:: The task ::
Your answer must restate the listing below word for word and contain no images.

:: Data section ::
####################

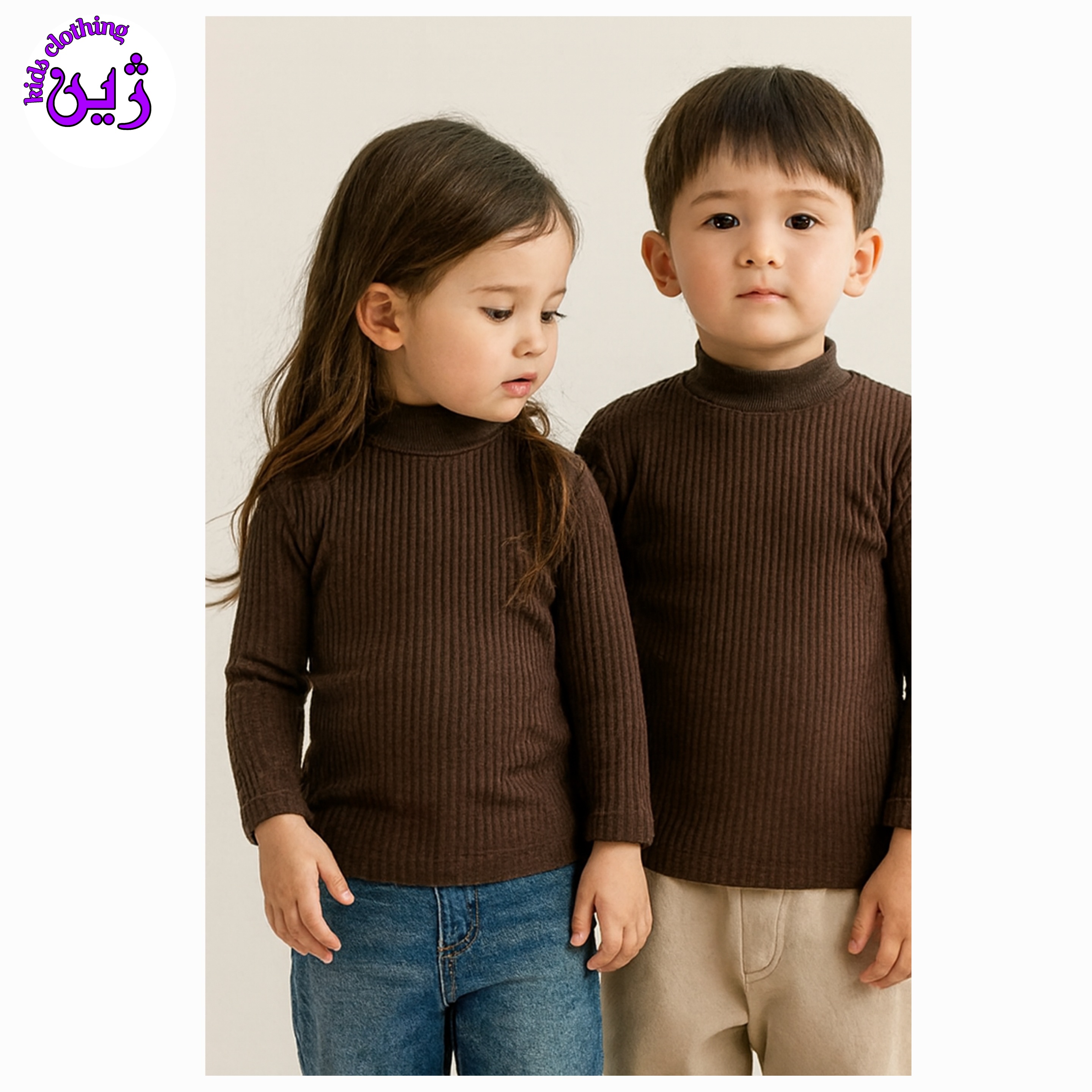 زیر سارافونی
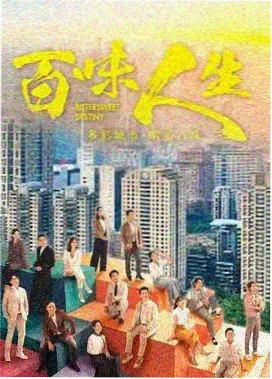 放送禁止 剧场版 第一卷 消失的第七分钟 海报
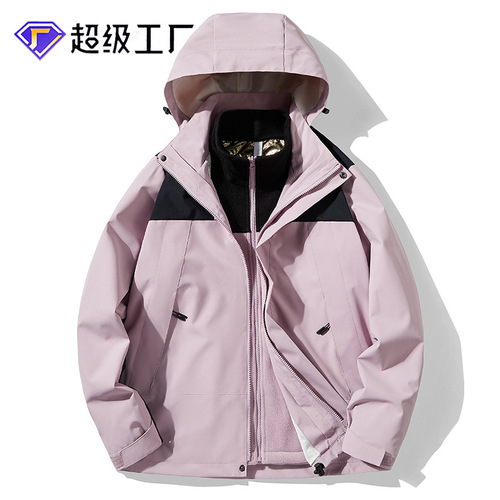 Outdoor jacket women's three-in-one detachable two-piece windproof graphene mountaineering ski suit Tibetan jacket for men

####################

:: Solution for this task ::
 زیر سارافونی
 放送禁止 剧场版 第一卷 消失的第七分钟 海报
 Outdoor jacket women's three-in-one detachable two-piece windproof graphene mountaineering ski suit Tibetan jacket for men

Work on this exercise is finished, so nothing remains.